In [1]:
import pyspark
from pyspark.sql import SparkSession

spark = SparkSession.builder.appName('PySparkLearning').getOrCreate()

In [2]:
rdd = spark.sparkContext.textFile("../Resources/test.txt")
print("Initial partition count:"+str(rdd.getNumPartitions()))
print('---------------------------')
for element in rdd.collect():
    print(element)

Initial partition count:2
---------------------------
Project Gutenberg’s
Alice’s Adventures in Wonderland
by Lewis Carroll
This eBook is for the use
of anyone anywhere
at no cost and with
Project Gutenberg’s




`flatMap`
– flatMap() transformation flattens the RDD after applying the function and returns a new RDD. On the below example, first, it splits each record by space in an RDD and finally flattens it. Resulting RDD consists of a single word on each record.

In [3]:
rdd2=rdd.flatMap(lambda x: x.split(" "))
for element in rdd2.collect():
    print(element)

Project
Gutenberg’s
Alice’s
Adventures
in
Wonderland
by
Lewis
Carroll
This
eBook
is
for
the
use
of
anyone
anywhere
at
no
cost
and
with
Project
Gutenberg’s




`map` – map() transformation is used the apply any complex operations like adding a column, updating a column e.t.c, the output of map transformations would always have the same number of records as input.

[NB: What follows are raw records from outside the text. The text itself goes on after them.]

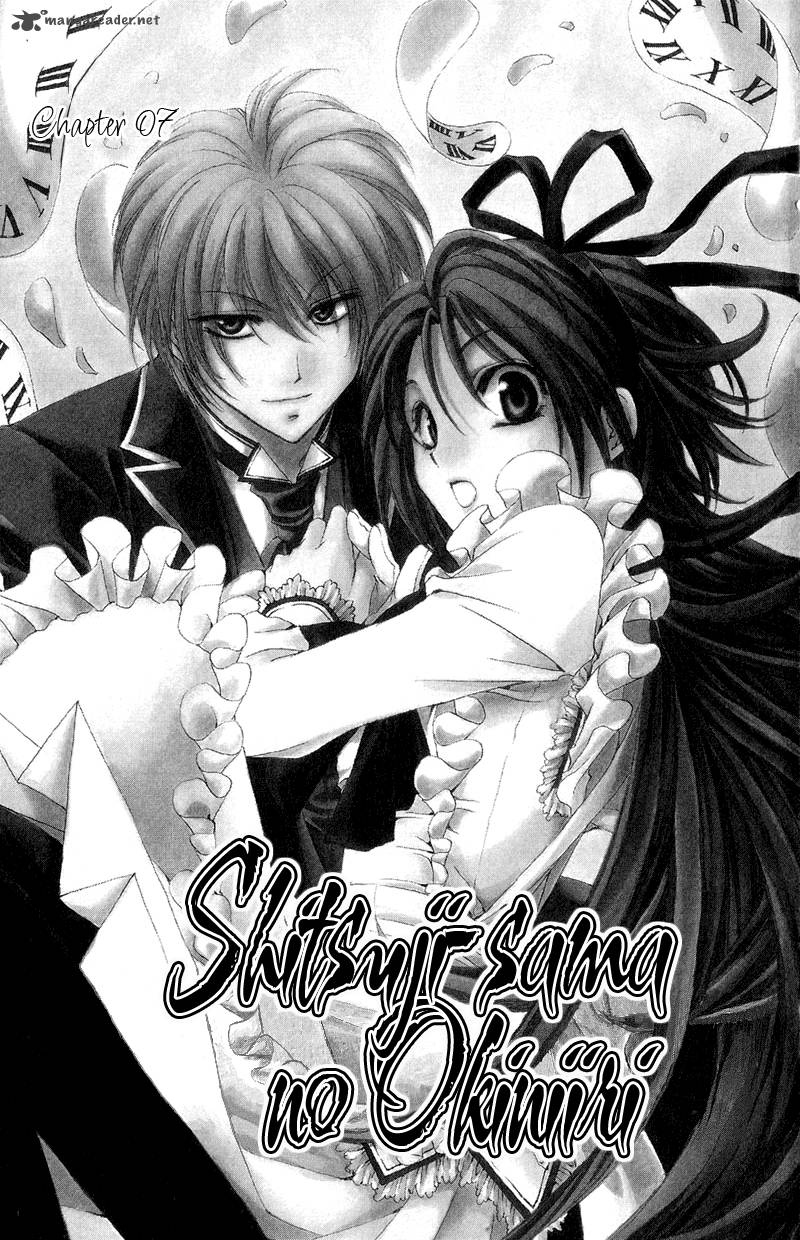 Shitsuji Sama No OkinIIri 7 3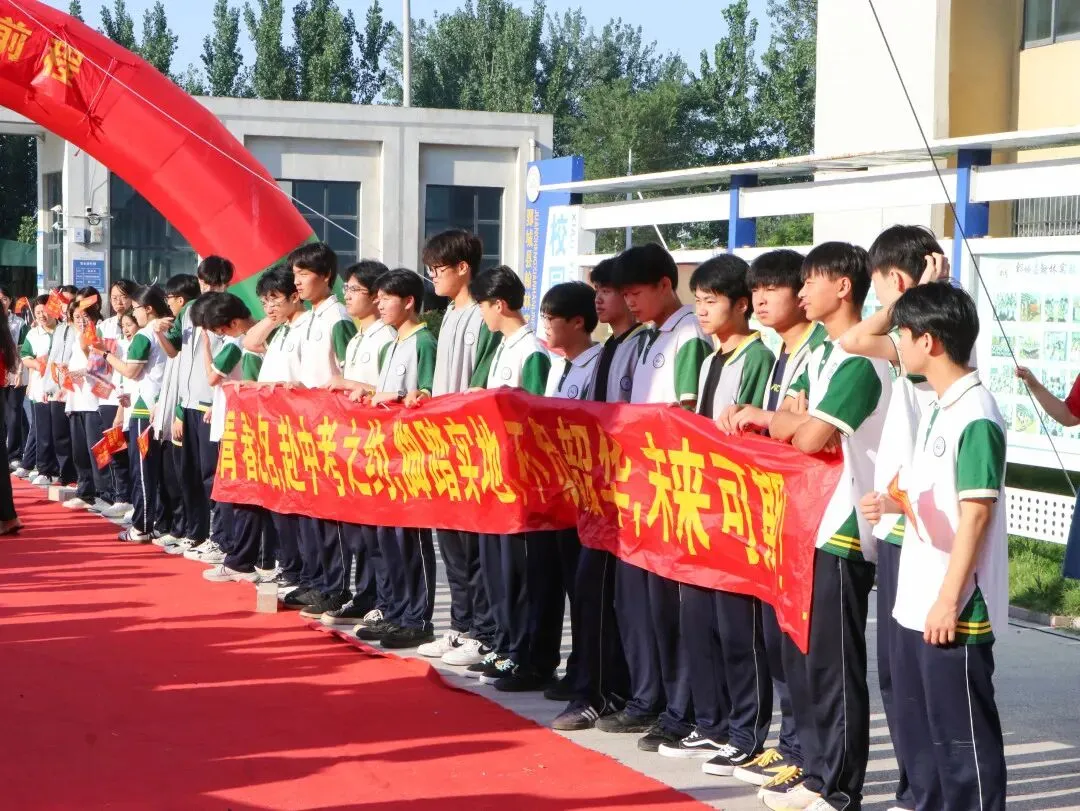 逐梦出征 ,决胜中考|鄄城县翰林实验学校中考送考仪式-第7张图片-四季读书网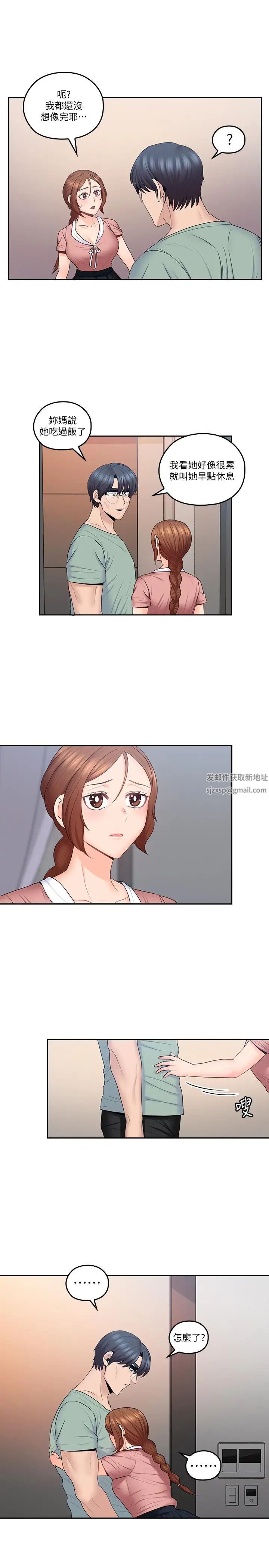 亲爱的大叔第47话-妈和大叔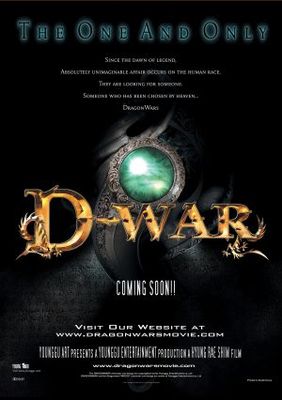 D-War movie poster (2007) canvas poster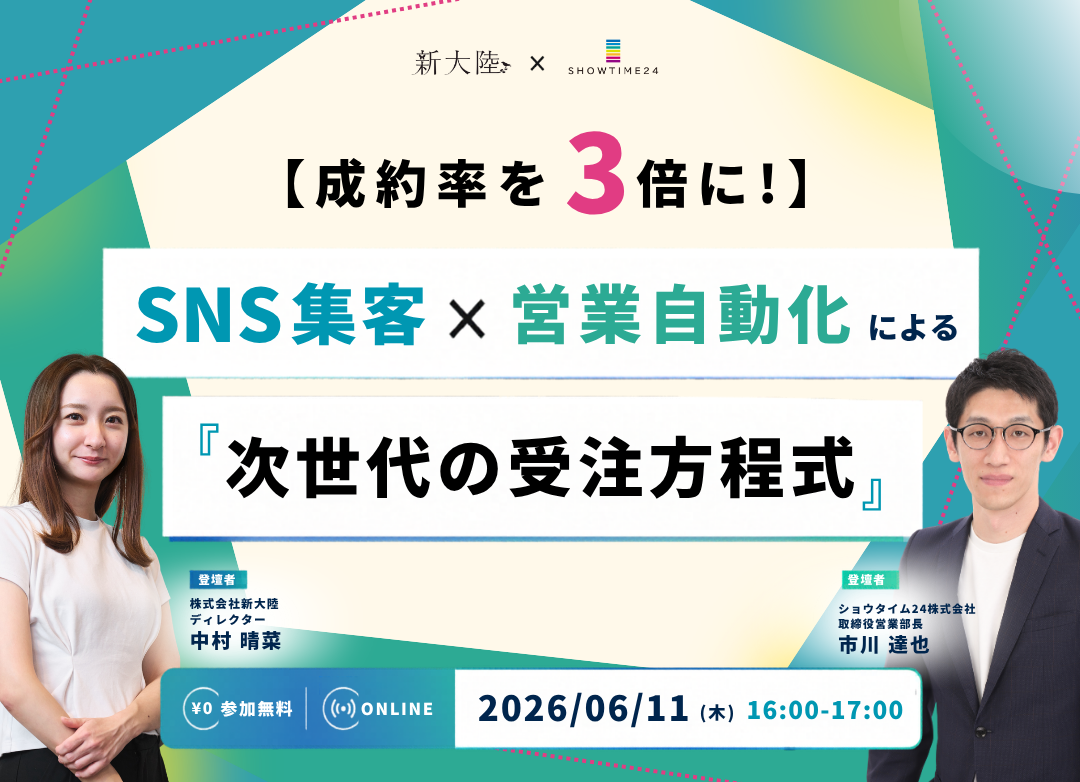 【成約率を3倍に！】SNS集客×営業自動化による『次世代の受注方程式』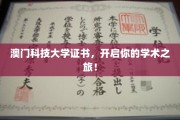 迈入学术殿堂，澳门科技大学证书助你扬帆起航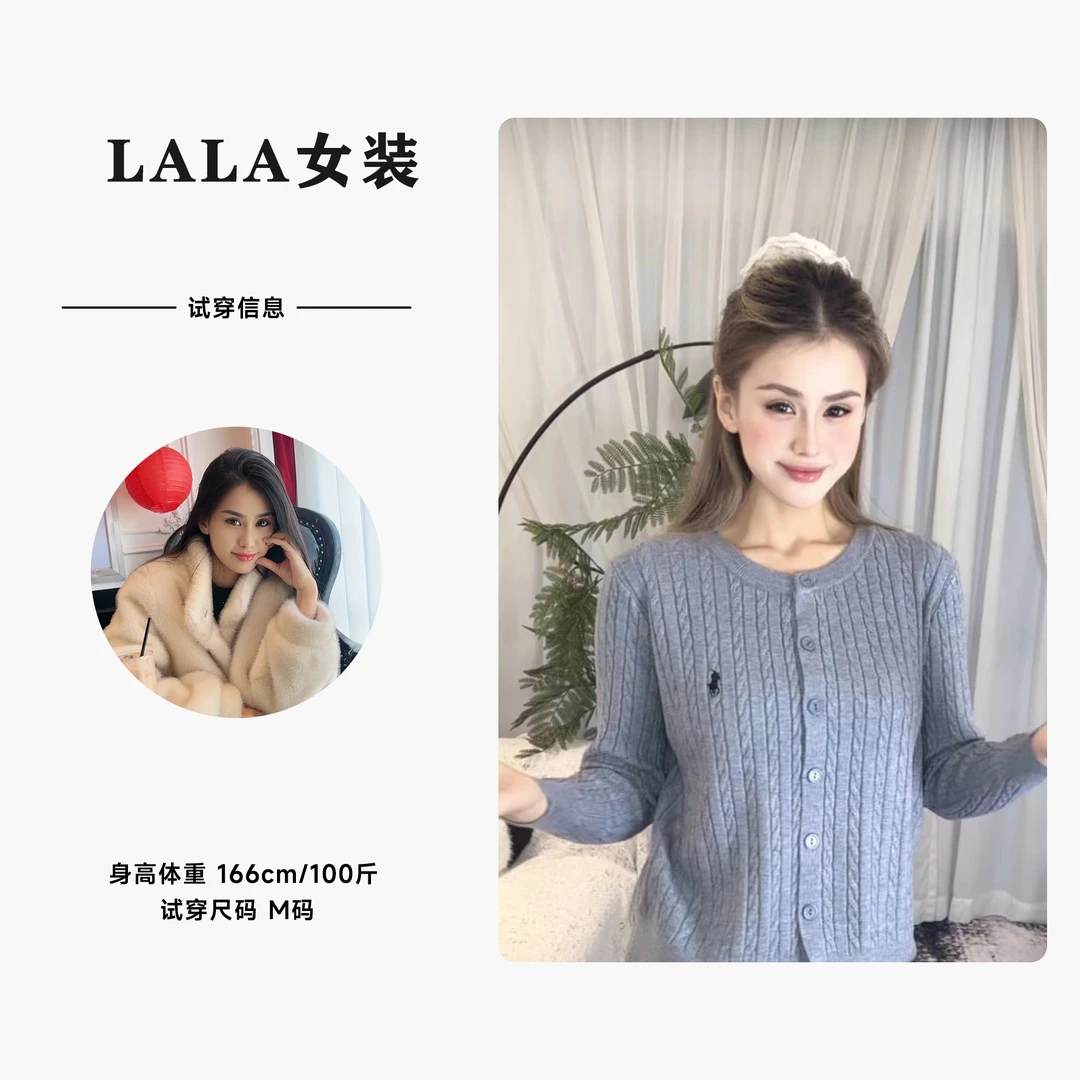 Lala- P*L*刺绣女早秋长袖针织衫外穿洋气软糯麻花毛衣开衫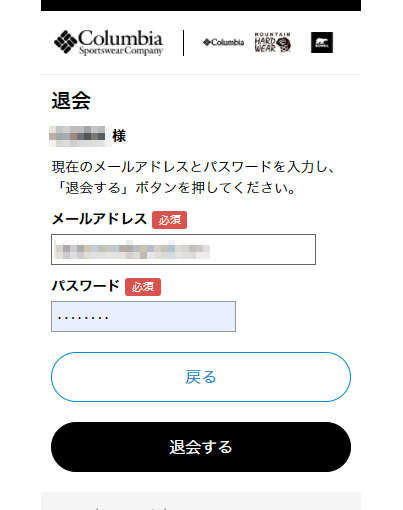 faq_mypage2.jpg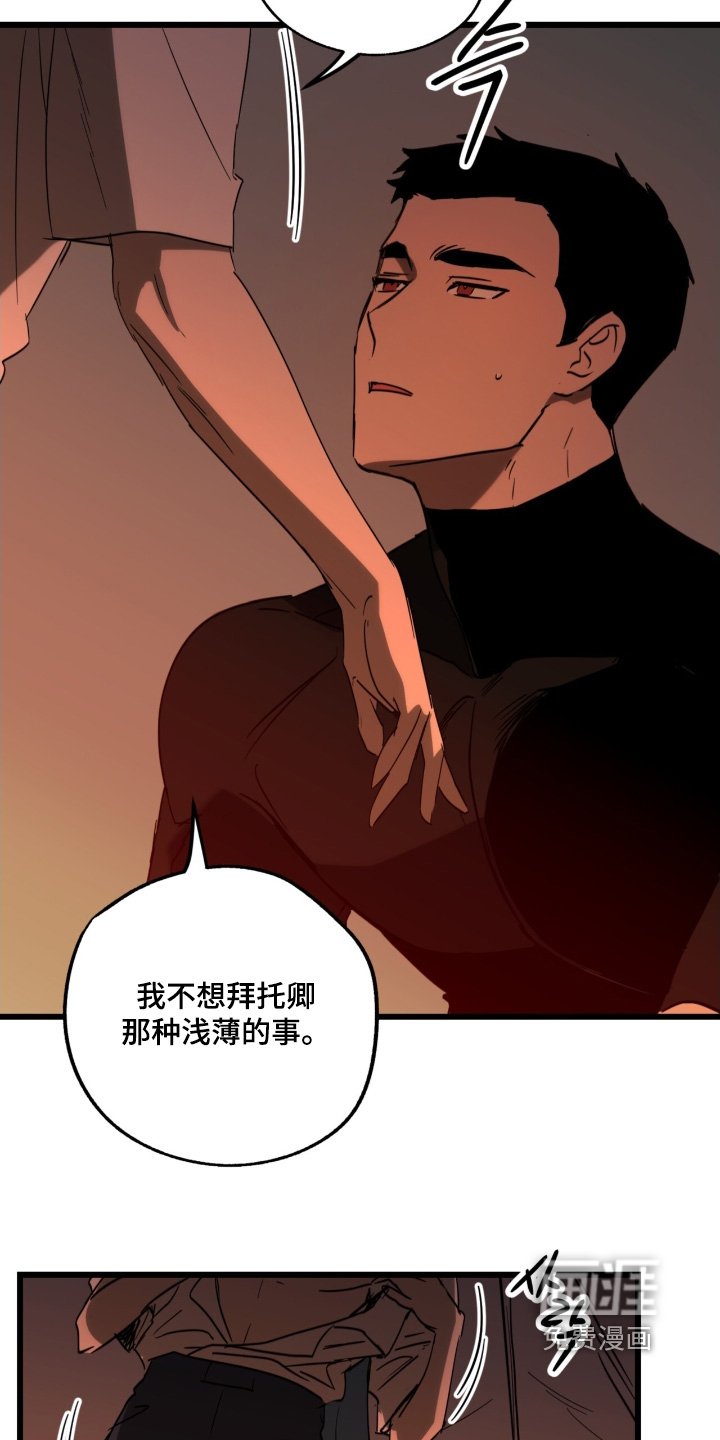 第35章：是我的错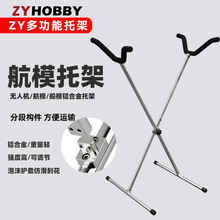 ��ģ�ɻ�ȫ�����м� ��Яʽ��������������֧��30KG����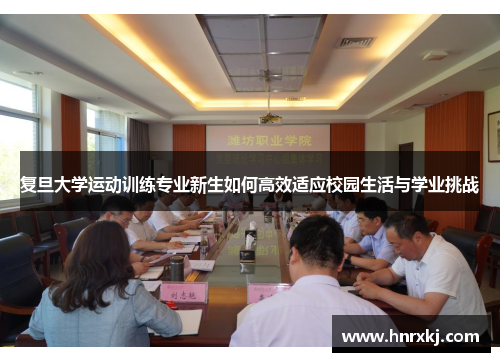复旦大学运动训练专业新生如何高效适应校园生活与学业挑战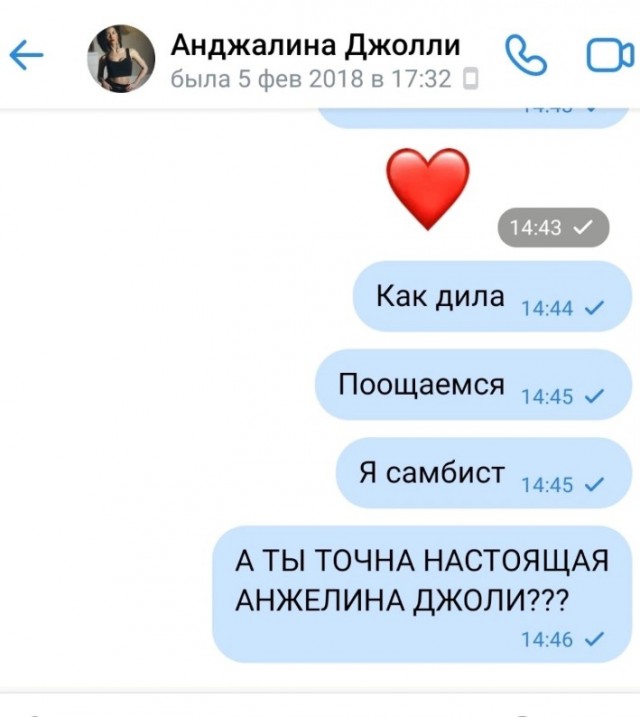 Всего понемногу. От 09.10.23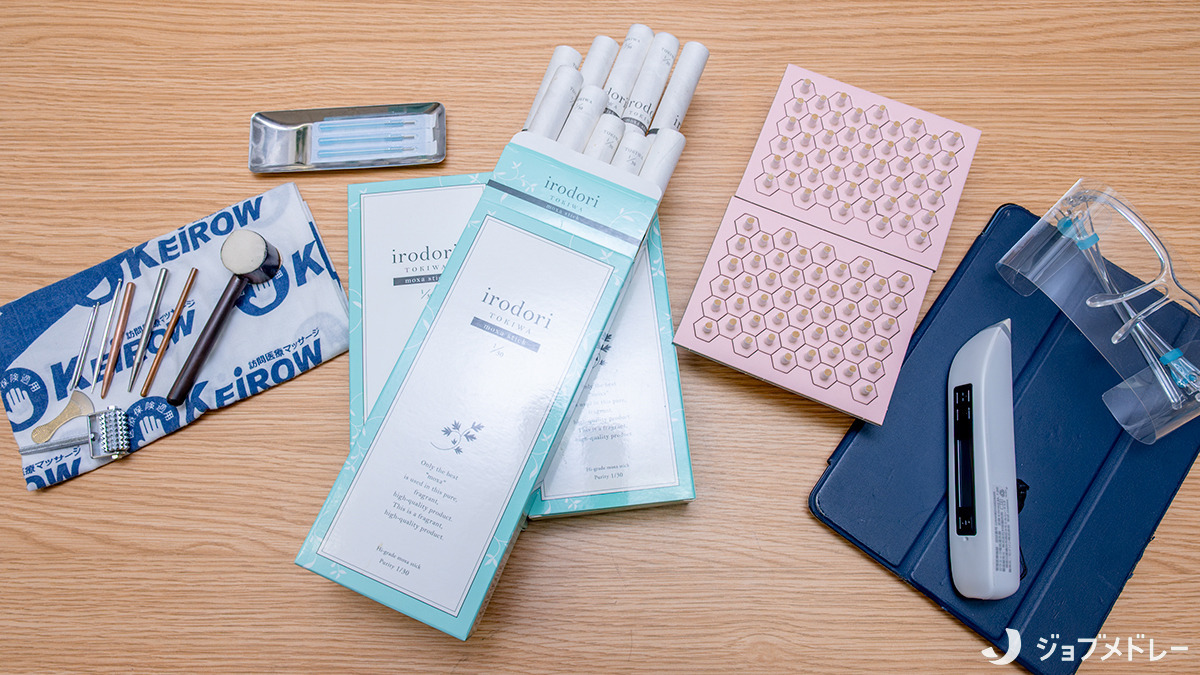 訪問医療マッサージKEiROW浦和中央ステーション（あん摩マッサージ指圧師の求人）の写真8枚目：訪問の際に使用している器具です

In our word count example, we are adding a new column with value 1 for each word, the result of the RDD is PairRDDFunctions which contains key-value pairs, word of type String as Key and 1 of type Int as value.

In [4]:
rdd3=rdd2.map(lambda x: (x,1))
for element in rdd3.collect():
    print(element)

('Project', 1)
('Gutenberg’s', 1)
('Alice’s', 1)
('Adventures', 1)
('in', 1)
('Wonderland', 1)
('by', 1)
('Lewis', 1)
('Carroll', 1)
('This', 1)
('eBook', 1)
('is', 1)
('for', 1)
('the', 1)
('use', 1)
('of', 1)
('anyone', 1)
('anywhere', 1)
('at', 1)
('no', 1)
('cost', 1)
('and', 1)
('with', 1)
('Project', 1)
('Gutenberg’s', 1)
('', 1)
('', 1)


`reduceByKey` – reduceByKey() merges the values for each key with the function specified. In our example, it reduces the word string by applying the sum function on value. The result of our RDD contains unique words and their count. 

In [5]:
rdd4=rdd3.reduceByKey(lambda a,b: a+b)
for element in rdd4.collect():
    print(element)

('Project', 2)
('Gutenberg’s', 2)
('Alice’s', 1)
('in', 1)
('Lewis', 1)
('Carroll', 1)
('is', 1)
('use', 1)
('of', 1)
('anyone', 1)
('anywhere', 1)
('at', 1)
('no', 1)
('', 2)
('Adventures', 1)
('Wonderland', 1)
('by', 1)
('This', 1)
('eBook', 1)
('for', 1)
('the', 1)
('cost', 1)
('and', 1)
('with', 1)


`sortByKey` – sortByKey() transformation is used to sort RDD elements on key. In our example, first, we convert RDD[(String,Int]) to RDD[(Int, String]) using map transformation and apply sortByKey which ideally does sort on an integer value. And finally, foreach with println statements returns all words in RDD and their count as key-value pair

In [6]:
rdd5 = rdd4.map(lambda x: (x[1],x[0])).sortByKey()
for element in rdd5.collect():
    print(element)

(1, 'Alice’s')
(1, 'in')
(1, 'Lewis')
(1, 'Carroll')
(1, 'is')
(1, 'use')
(1, 'of')
(1, 'anyone')
(1, 'anywhere')
(1, 'at')
(1, 'no')
(1, 'Adventures')
(1, 'Wonderland')
(1, 'by')
(1, 'This')
(1, 'eBook')
(1, 'for')
(1, 'the')
(1, 'cost')
(1, 'and')
(1, 'with')
(2, 'Project')
(2, 'Gutenberg’s')
(2, '')


`filter()` transformation is used to filter the records in an RDD. In our example we are filtering all words starts with “a”.

In [None]:
rdd6 = rdd5.filter(lambda x : 'a' in x[1])
for element in rdd6.collect():
    print(element)